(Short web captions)
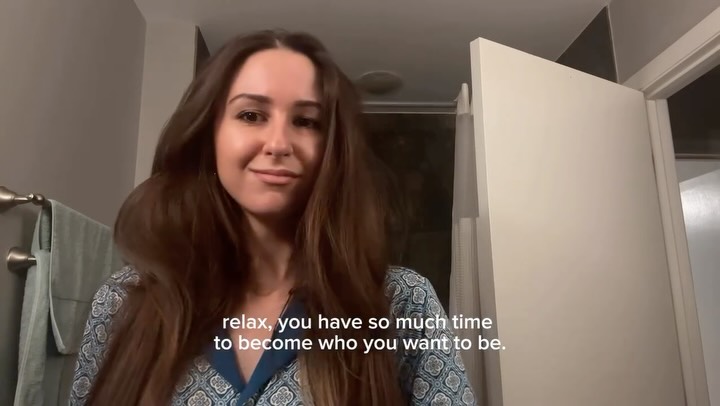 Instagram post by @girlhoodprincess for Uriage. Caption reads: [...] by @larocheposayusa 
Face cleanser by....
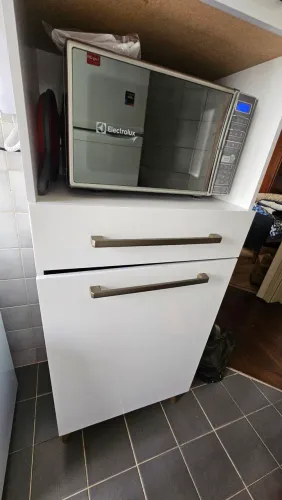 Armario de cozinha/ suporte microondas/ paneleiro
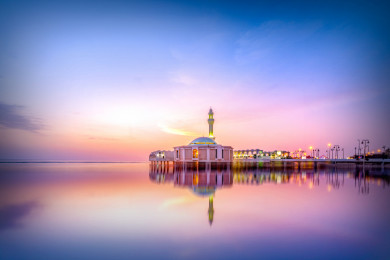 مسجد الرحمة العائم على البحر ، معالم جدة في المملكة العربية السعودية ، معالم سياحية ، مناظر طبيعية ، جمال السعودية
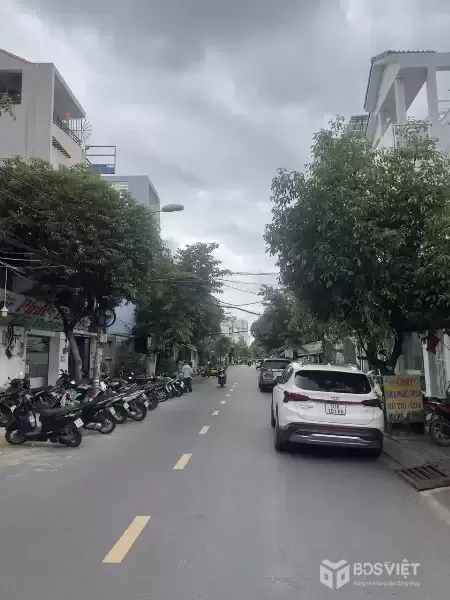 Bán lô đất Mặt tiền số 79 - Quận 7 - 78m2 - Giá 15.5 Tỷ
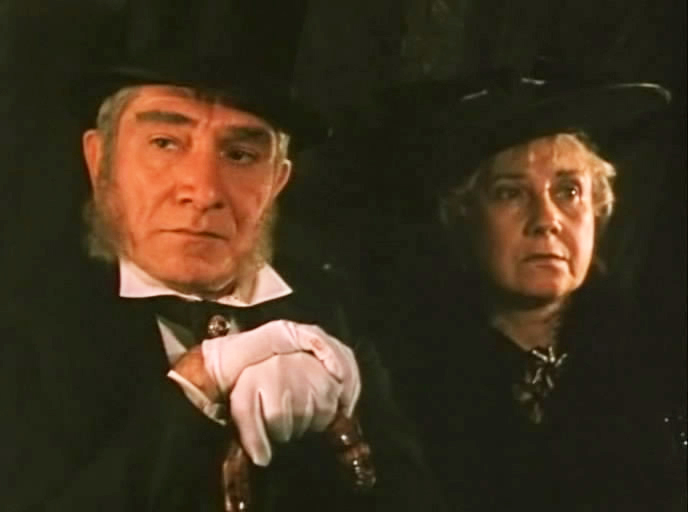 Lyudmila Arinina and Armen Dzhigarkhanyan in Ruanskaya deva po prozvishchu Pyshka (1989)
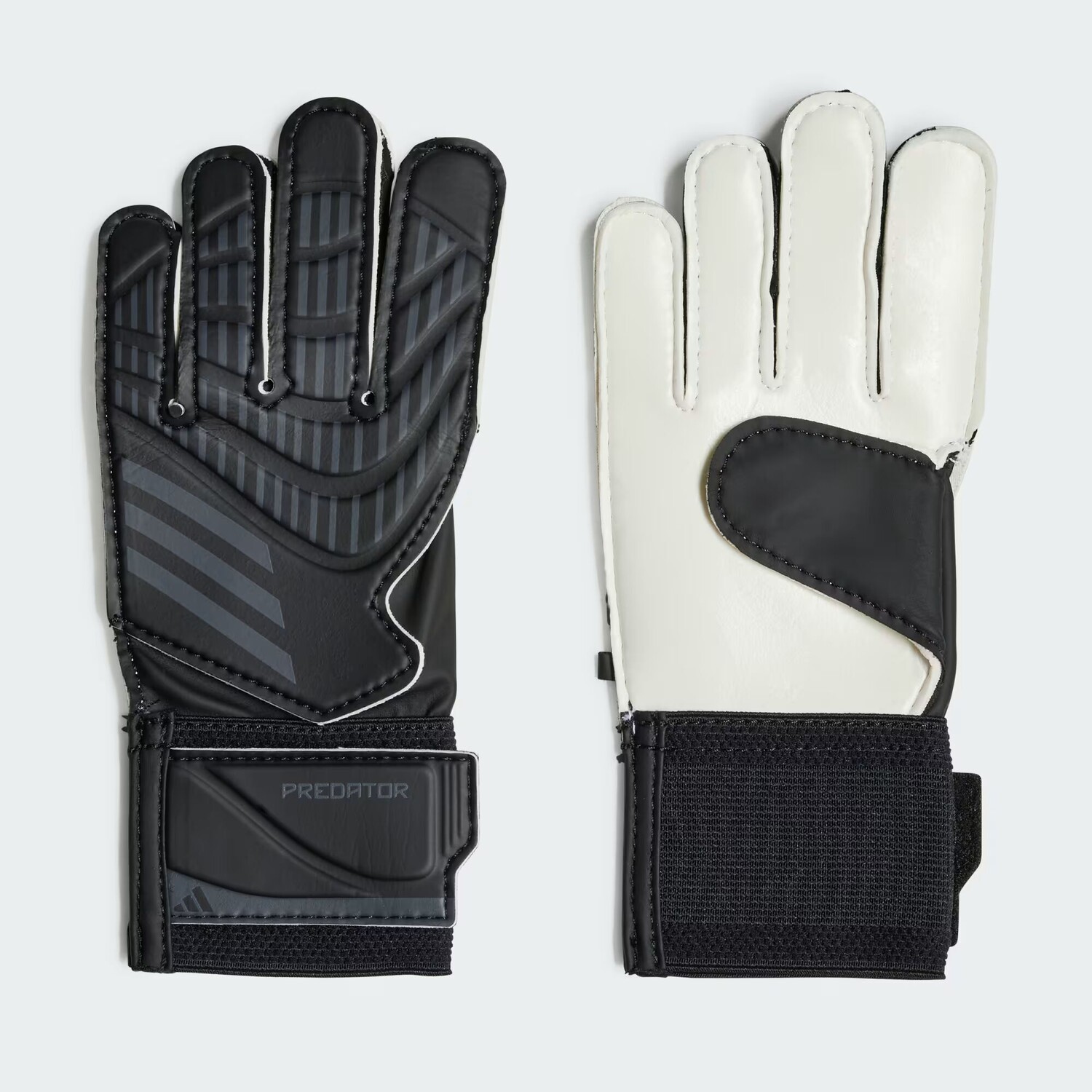 

Детские вратарские перчатки Predator Training Adidas, цвет Black/Black/Black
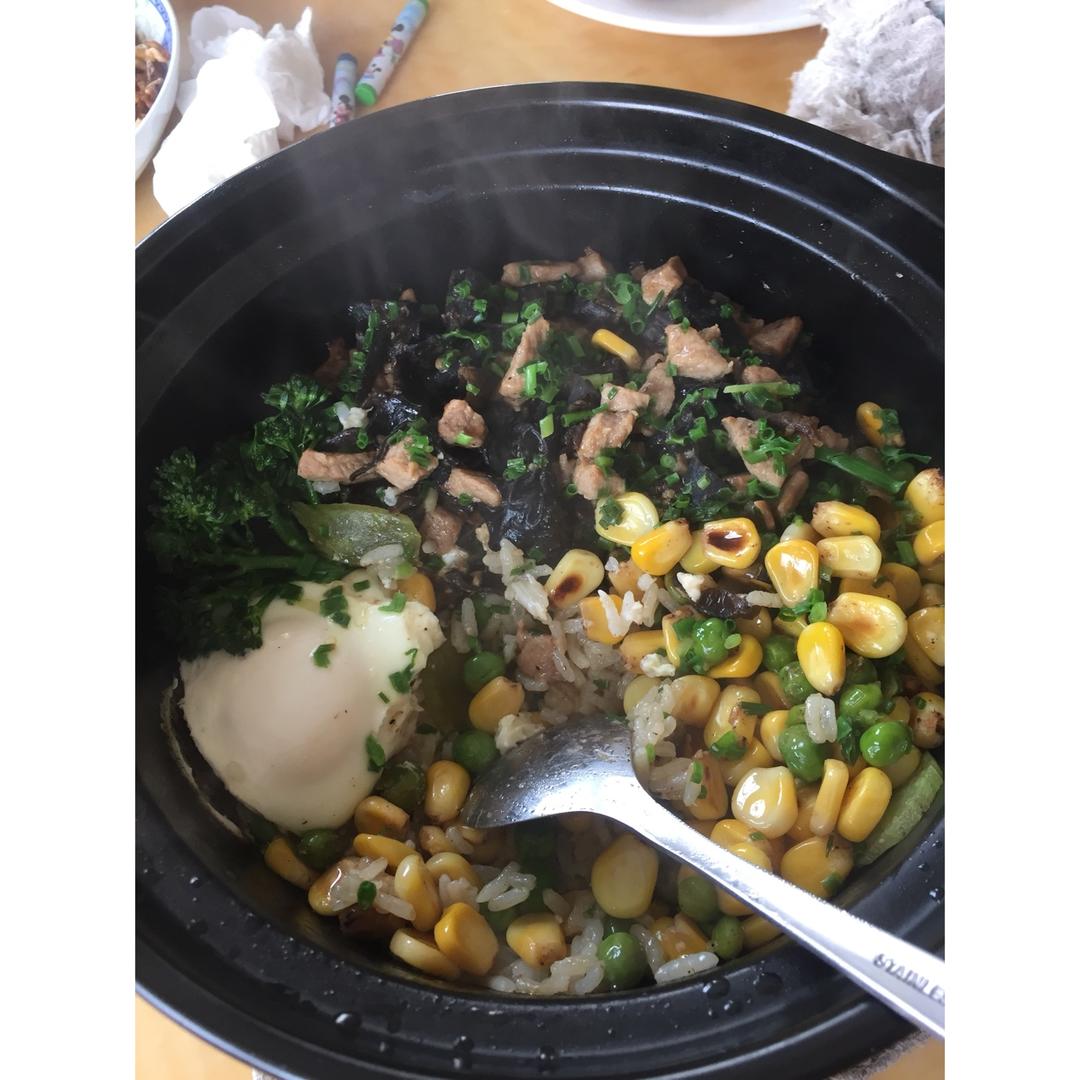 香肠煲仔饭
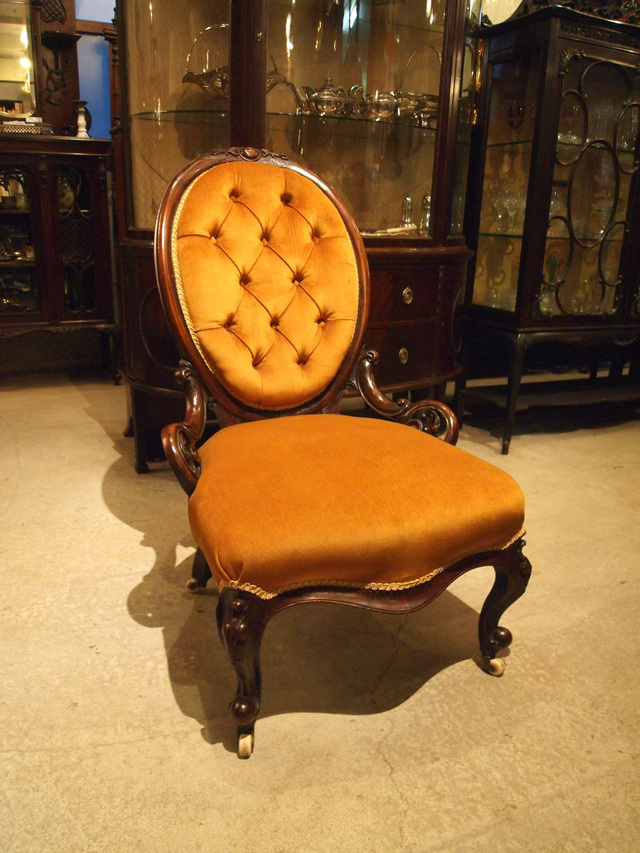 chair191208_02.JPG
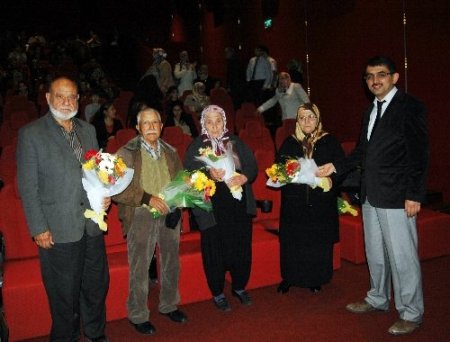 Selam filmi, çocukları Türk okullarında görev yapan aileleri ağlattı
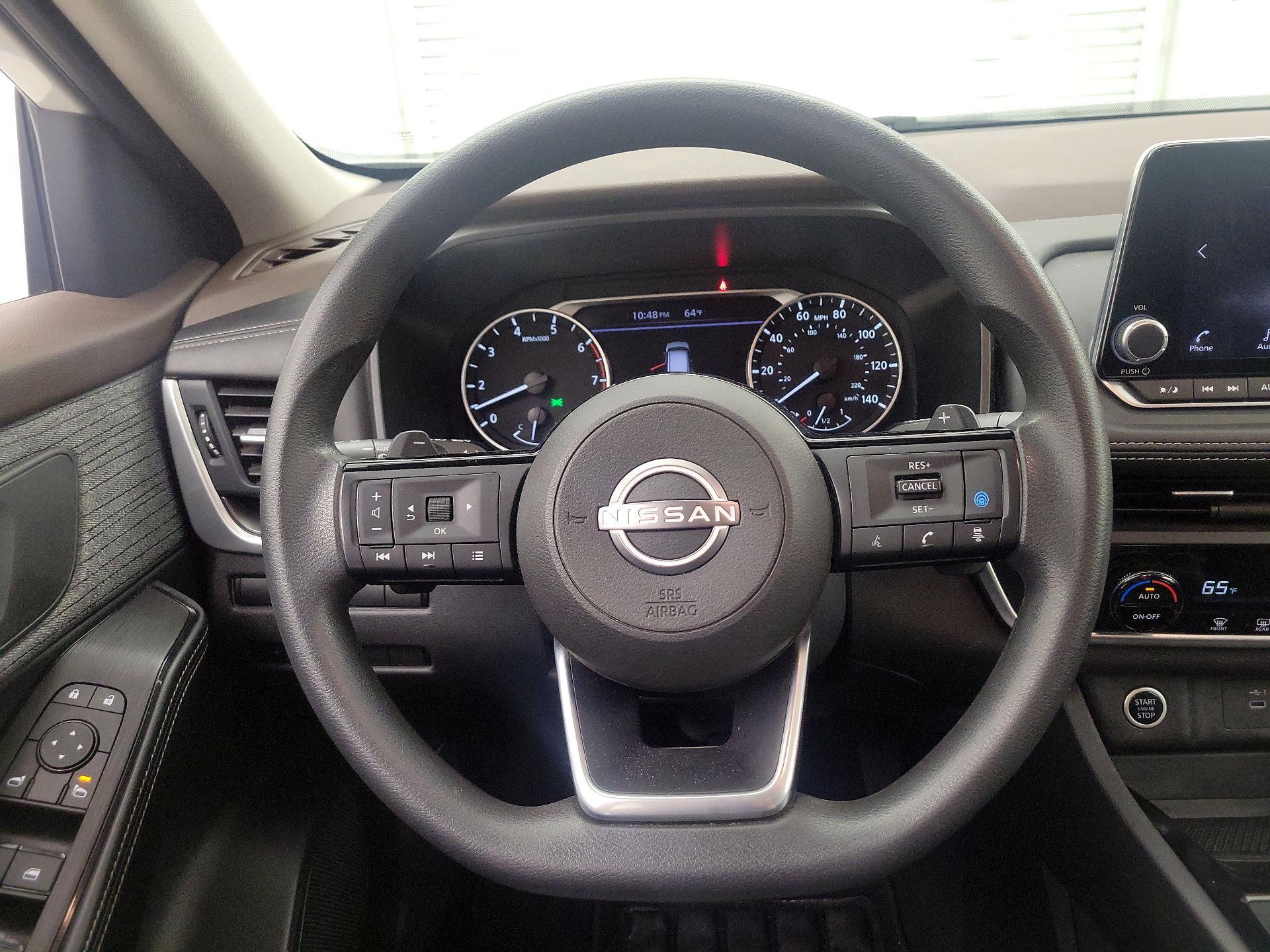 Thumbnail: 2023 Nissan Rogue - 10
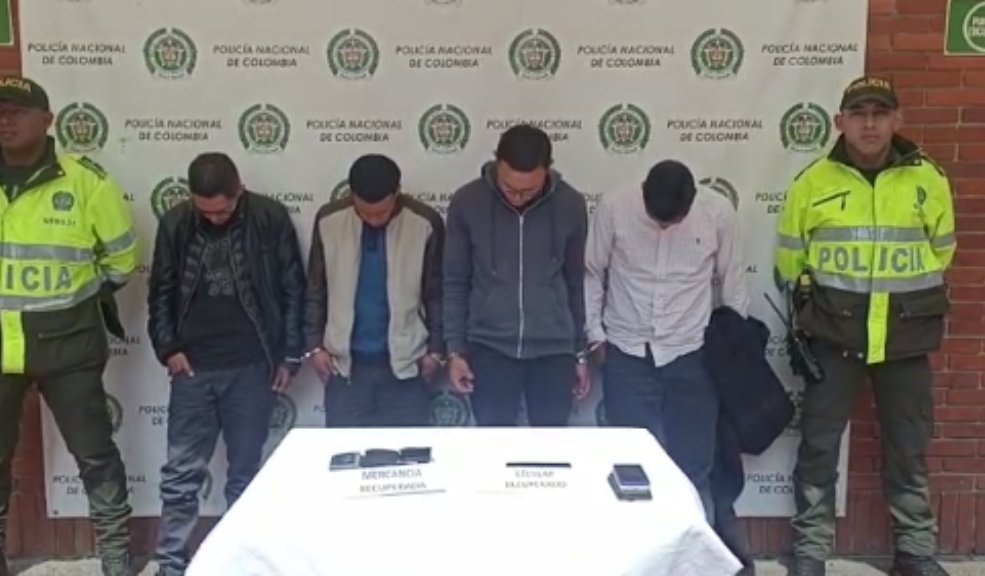 Cayeron 3 bandas criminales dedicadas a robar taxistas en Bogotá 7 Cayeron 3 bandas criminales dedicadas a robar taxistas en Bogotá La Policía de Bogotá logró en las últimas horas la captura de 13 personas que pertenecían a diferentes bandas criminales que se dedicaban a robar taxistas en diferentes localidades de la capital.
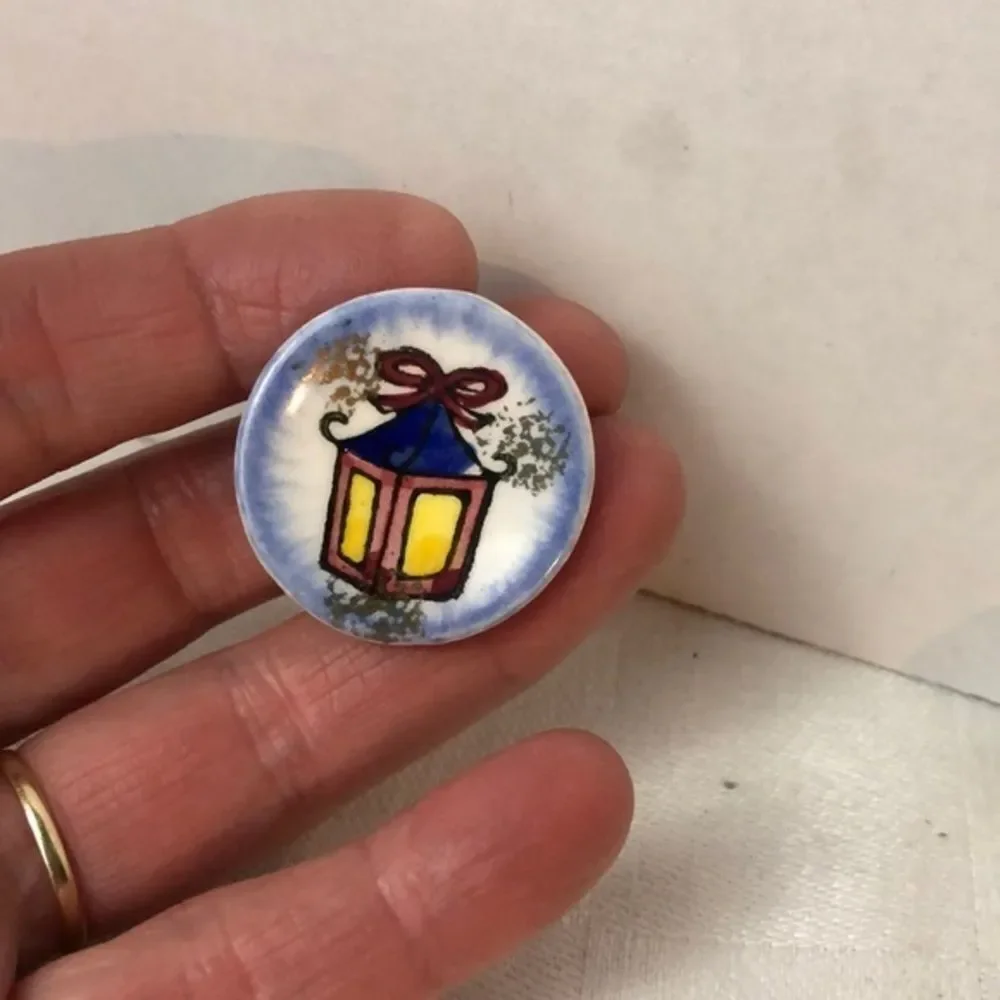 1950’s ceramic tiny art clip earring.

• Required action
Excluding images, return all of the records above word for word.

• Output
 Instagram post by @girlhoodprincess for Uriage. Caption reads: [...] by @larocheposayusa 
Face cleanser by....
 Armario de cozinha/ suporte microondas/ paneleiro
 مسجد الرحمة العائم على البحر ، معالم جدة في المملكة العربية السعودية ، معالم سياحية ، مناظر طبيعية ، جمال السعودية
 Bán lô đất Mặt tiền số 79 - Quận 7 - 78m2 - Giá 15.5 Tỷ
 Lyudmila Arinina and Armen Dzhigarkhanyan in Ruanskaya deva po prozvishchu Pyshka (1989)

Детские вратарские перчатки Predator Training Adidas, цвет Black/Black/Black
 香肠煲仔饭
 chair191208_02.JPG
 Selam filmi, çocukları Türk okullarında görev yapan aileleri ağlattı
 Thumbnail: 2023 Nissan Rogue - 10
 Cayeron 3 bandas criminales dedicadas a robar taxistas en Bogotá 7 Cayeron 3 bandas criminales dedicadas a robar taxistas en Bogotá La Policía de Bogotá logró en las últimas horas la captura de 13 personas que pertenecían a diferentes bandas criminales que se dedicaban a robar taxistas en diferentes localidades de la capital.
 1950’s ceramic tiny art clip earring.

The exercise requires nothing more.